**DATA PROVIDED:**
------------------------------------------------

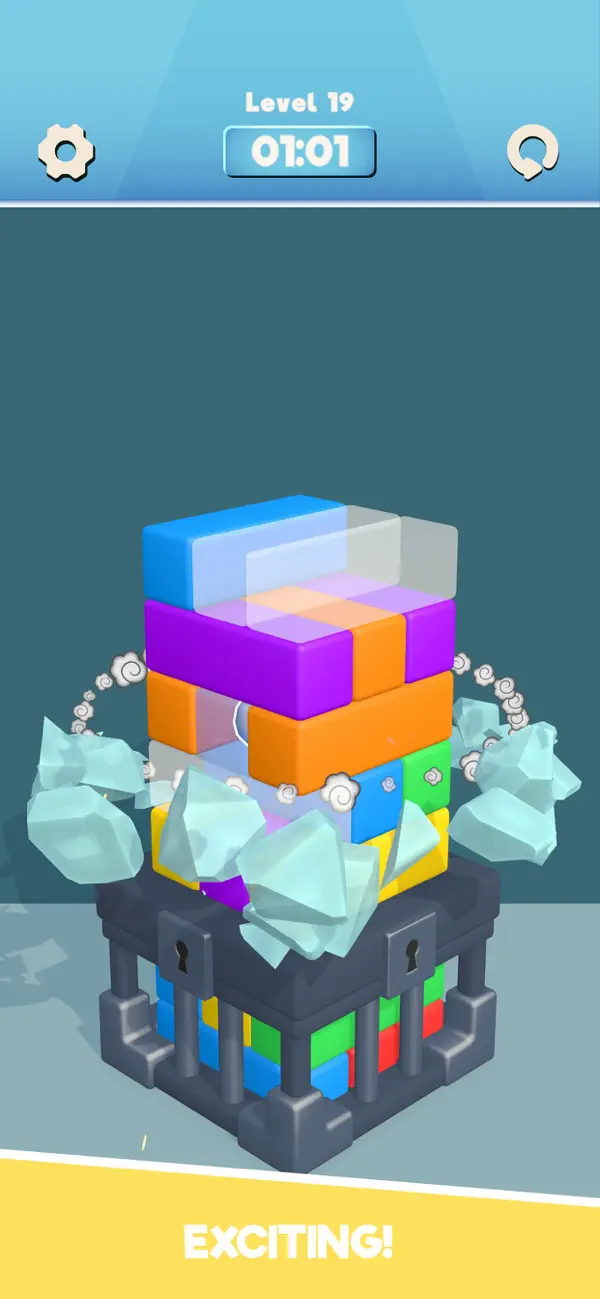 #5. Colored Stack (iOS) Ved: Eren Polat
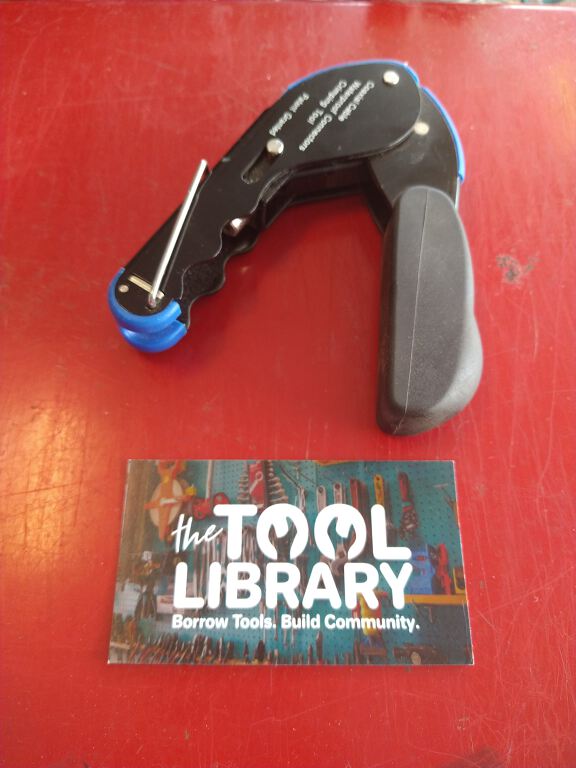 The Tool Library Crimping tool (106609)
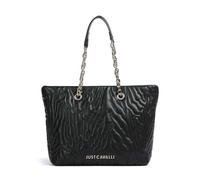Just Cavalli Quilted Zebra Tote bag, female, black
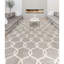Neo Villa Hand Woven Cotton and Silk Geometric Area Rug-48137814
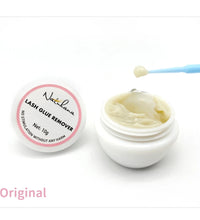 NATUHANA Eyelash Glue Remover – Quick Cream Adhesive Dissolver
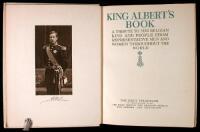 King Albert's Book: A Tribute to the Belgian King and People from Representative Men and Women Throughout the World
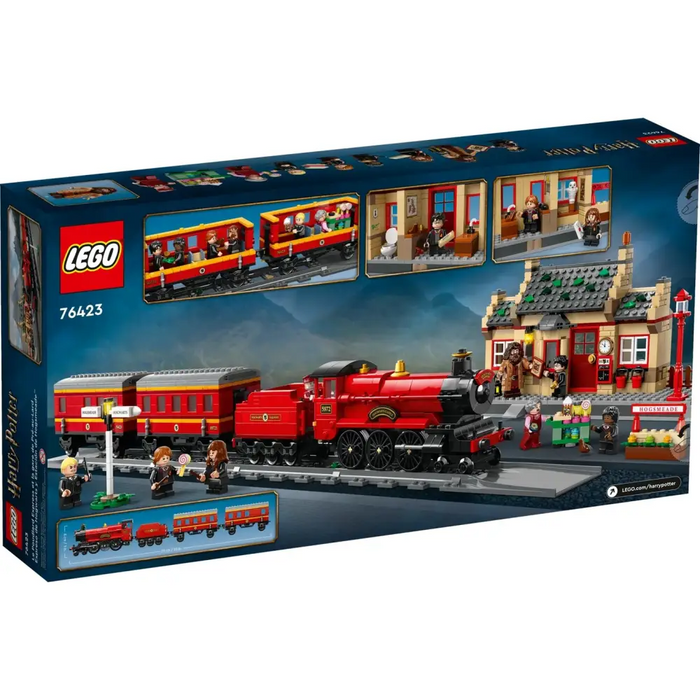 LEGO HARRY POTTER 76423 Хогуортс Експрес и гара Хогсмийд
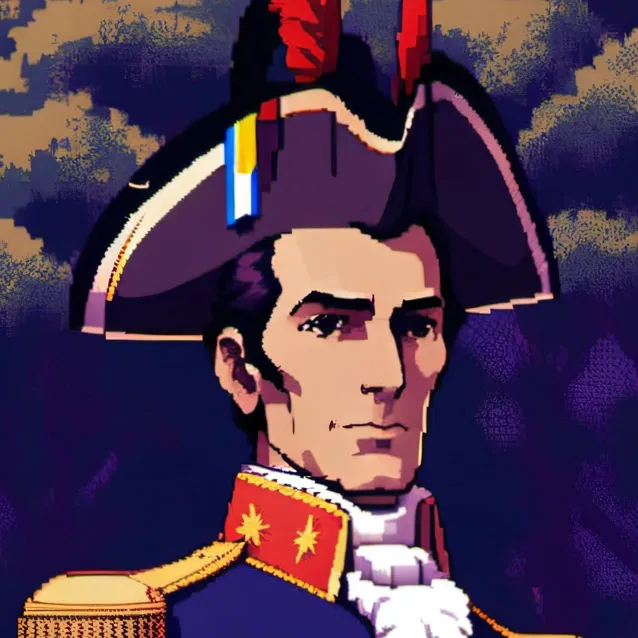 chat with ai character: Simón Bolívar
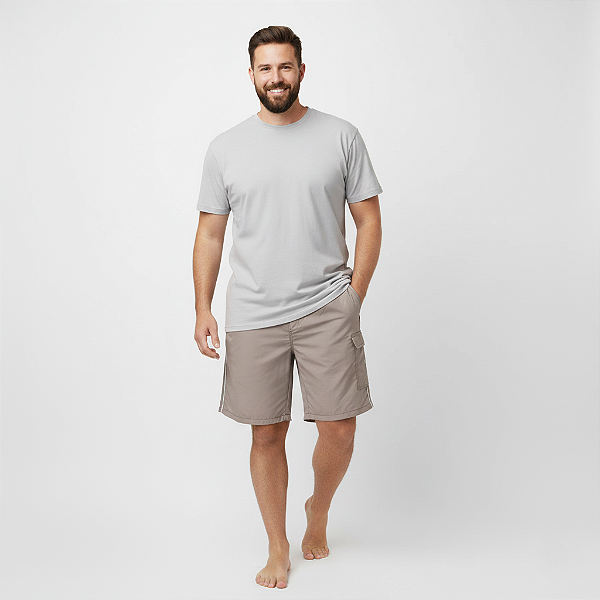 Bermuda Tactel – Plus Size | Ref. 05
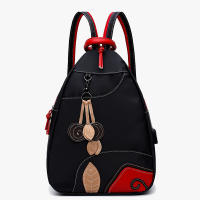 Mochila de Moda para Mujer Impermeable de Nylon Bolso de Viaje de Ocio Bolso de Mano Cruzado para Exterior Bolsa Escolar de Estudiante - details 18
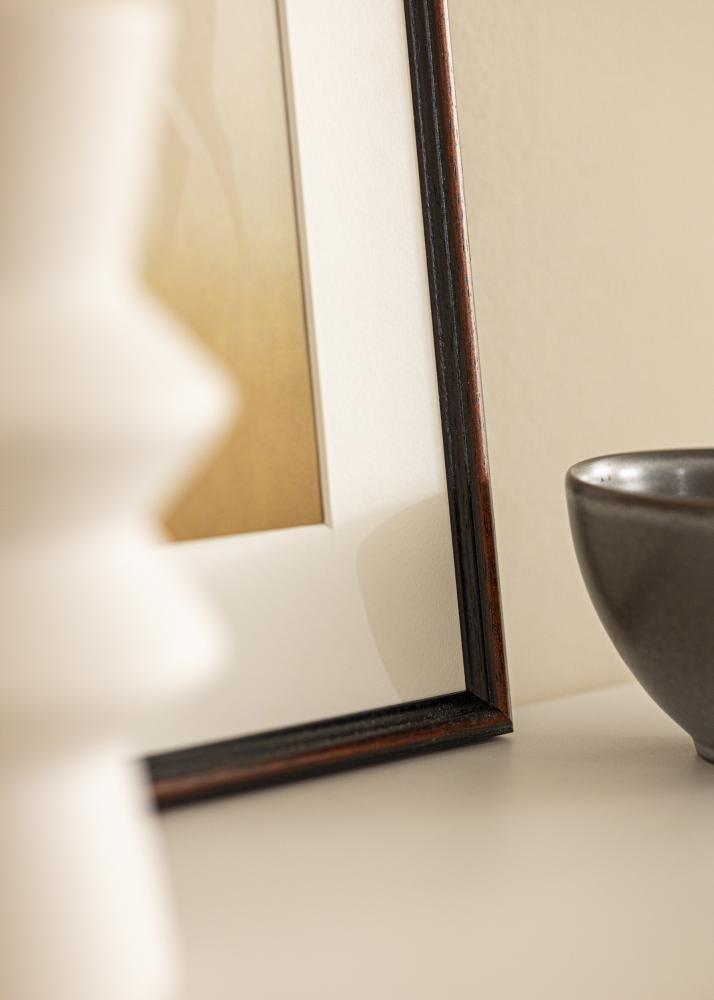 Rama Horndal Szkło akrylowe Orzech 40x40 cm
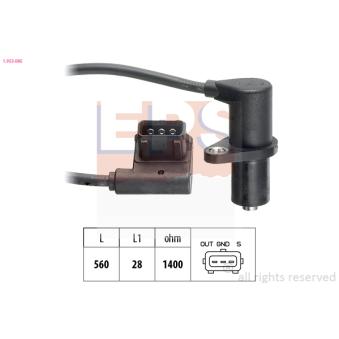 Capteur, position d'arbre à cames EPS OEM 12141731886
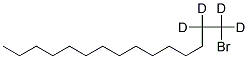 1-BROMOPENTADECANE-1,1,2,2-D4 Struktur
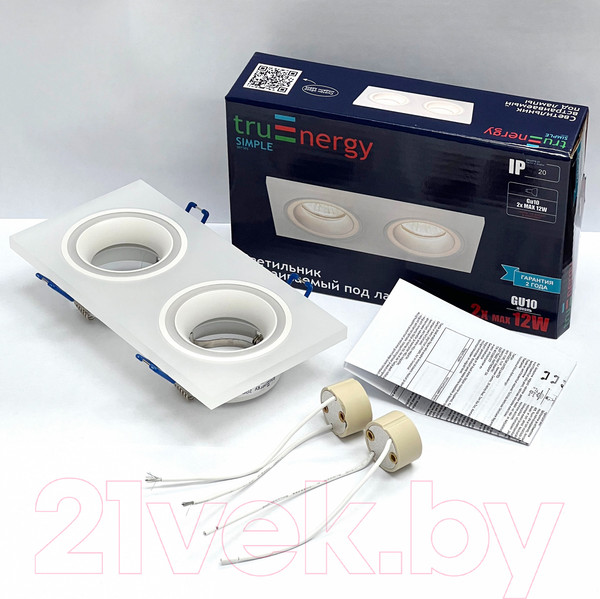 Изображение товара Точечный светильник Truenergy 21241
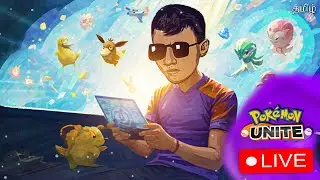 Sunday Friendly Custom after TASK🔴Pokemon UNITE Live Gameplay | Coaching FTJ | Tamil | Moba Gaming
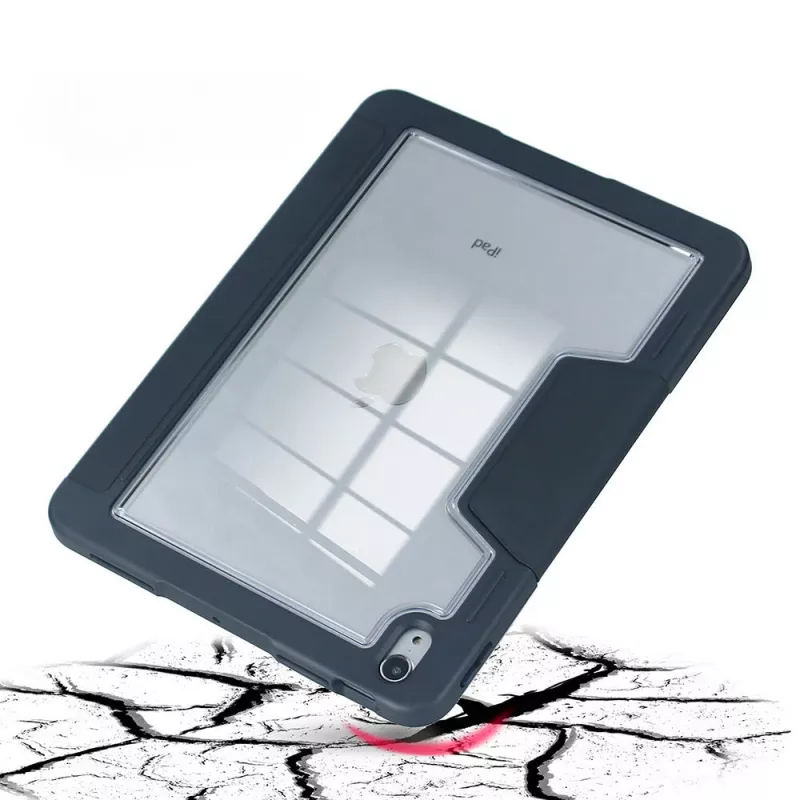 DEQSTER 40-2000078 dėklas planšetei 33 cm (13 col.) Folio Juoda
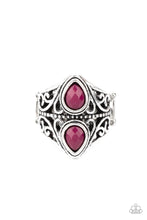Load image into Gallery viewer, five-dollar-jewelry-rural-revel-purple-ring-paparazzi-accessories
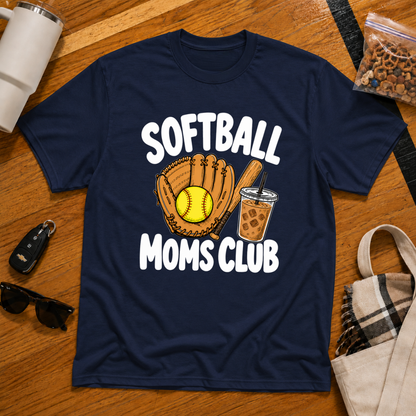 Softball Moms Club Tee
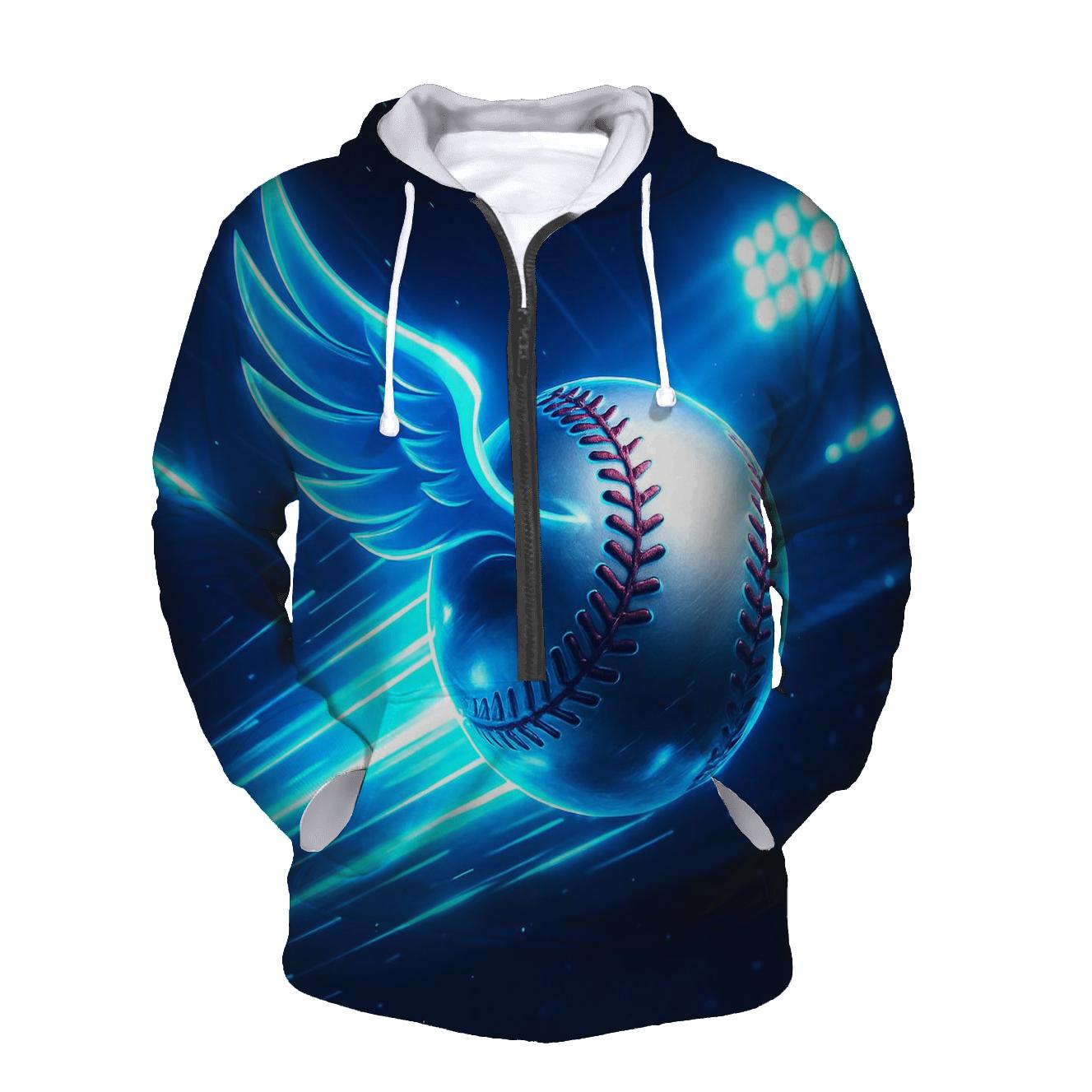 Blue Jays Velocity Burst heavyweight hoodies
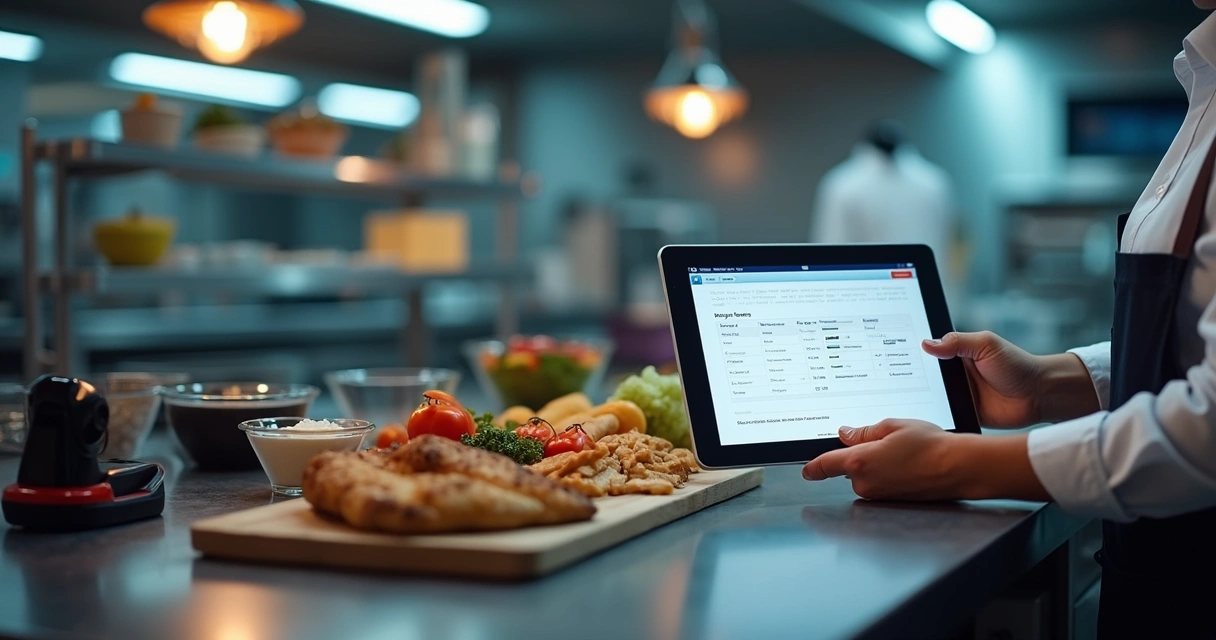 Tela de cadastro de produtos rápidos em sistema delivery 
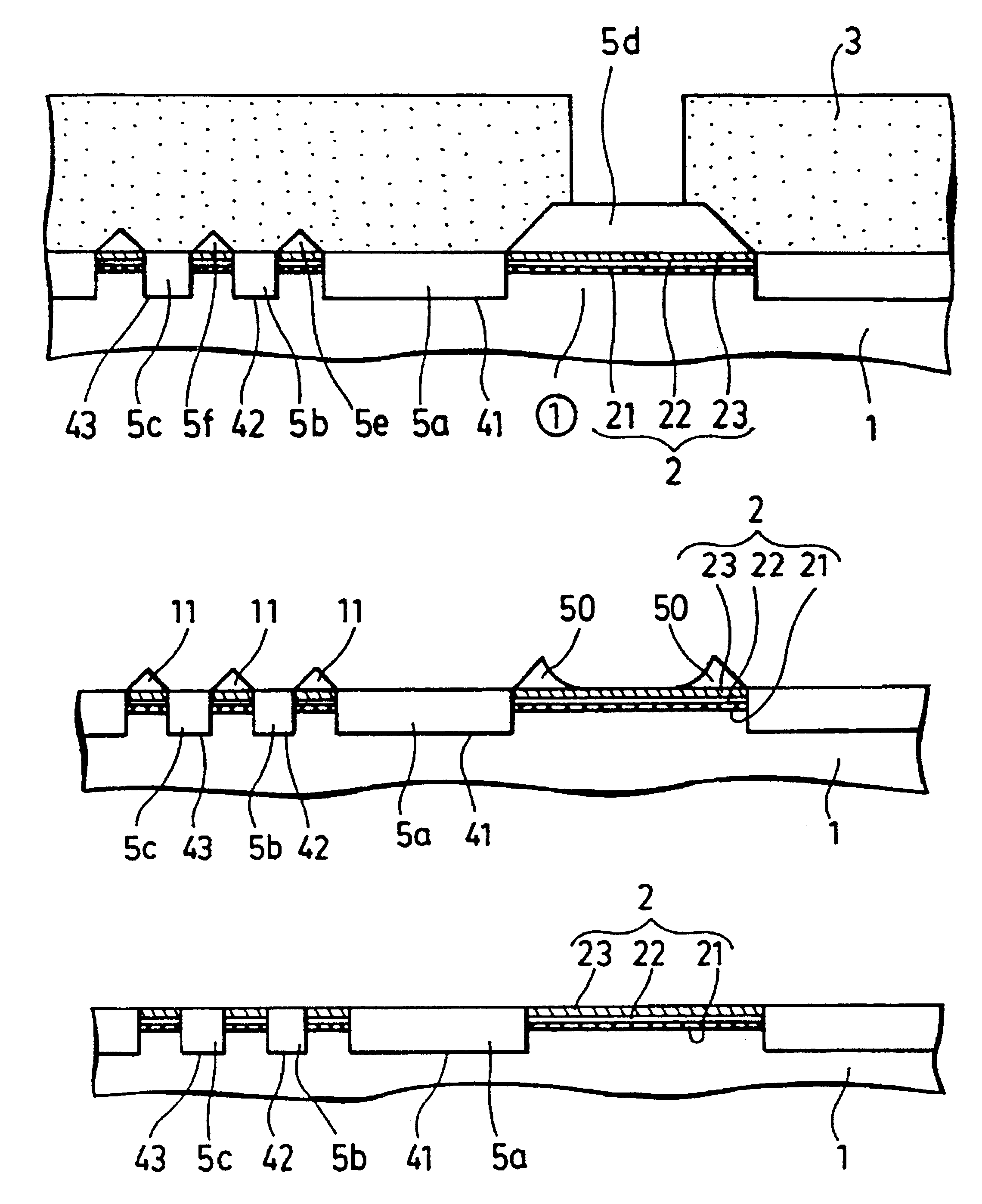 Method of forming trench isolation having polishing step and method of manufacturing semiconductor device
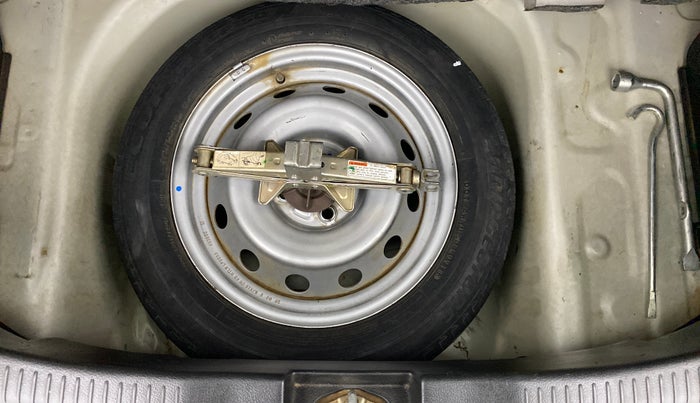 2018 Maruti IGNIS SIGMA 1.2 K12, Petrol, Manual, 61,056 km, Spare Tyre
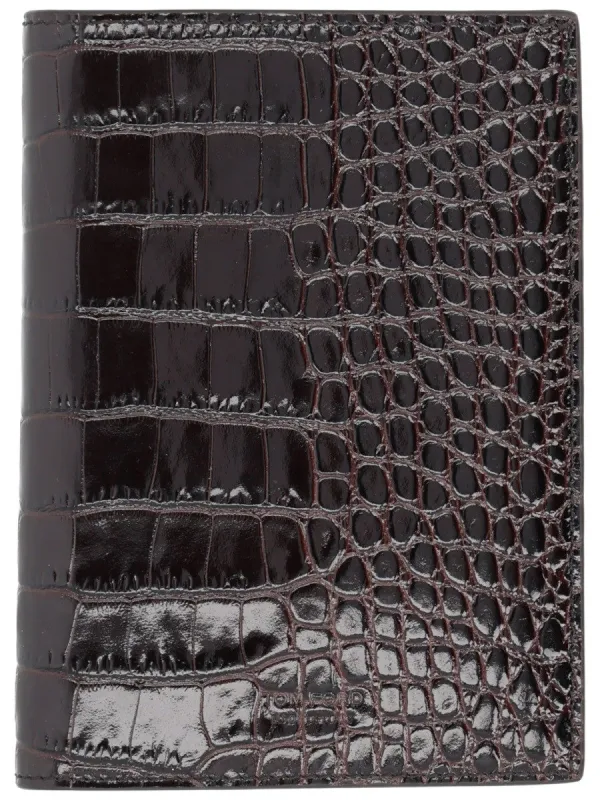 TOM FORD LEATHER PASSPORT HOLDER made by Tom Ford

------------------------------------------------

**ABOUT THIS EXERCISE:**
Working from the entries above, reproduce exactly and only the lines beginning with the line that has "NATUHANA Eyelash Glue" and ending with the line that has "Sunday Friendly Custom"; omit all pictures.

**TASK RESPONSE:**
 NATUHANA Eyelash Glue Remover – Quick Cream Adhesive Dissolver
 King Albert's Book: A Tribute to the Belgian King and People from Representative Men and Women Throughout the World
 LEGO HARRY POTTER 76423 Хогуортс Експрес и гара Хогсмийд
 chat with ai character: Simón Bolívar
 Bermuda Tactel – Plus Size | Ref. 05
 Mochila de Moda para Mujer Impermeable de Nylon Bolso de Viaje de Ocio Bolso de Mano Cruzado para Exterior Bolsa Escolar de Estudiante - details 18
 Rama Horndal Szkło akrylowe Orzech 40x40 cm
 Capteur, position d'arbre à cames EPS OEM 12141731886
 1-BROMOPENTADECANE-1,1,2,2-D4 Struktur
 Изображение товара Точечный светильник Truenergy 21241
 Sunday Friendly Custom after TASK🔴Pokemon UNITE Live Gameplay | Coaching FTJ | Tamil | Moba Gaming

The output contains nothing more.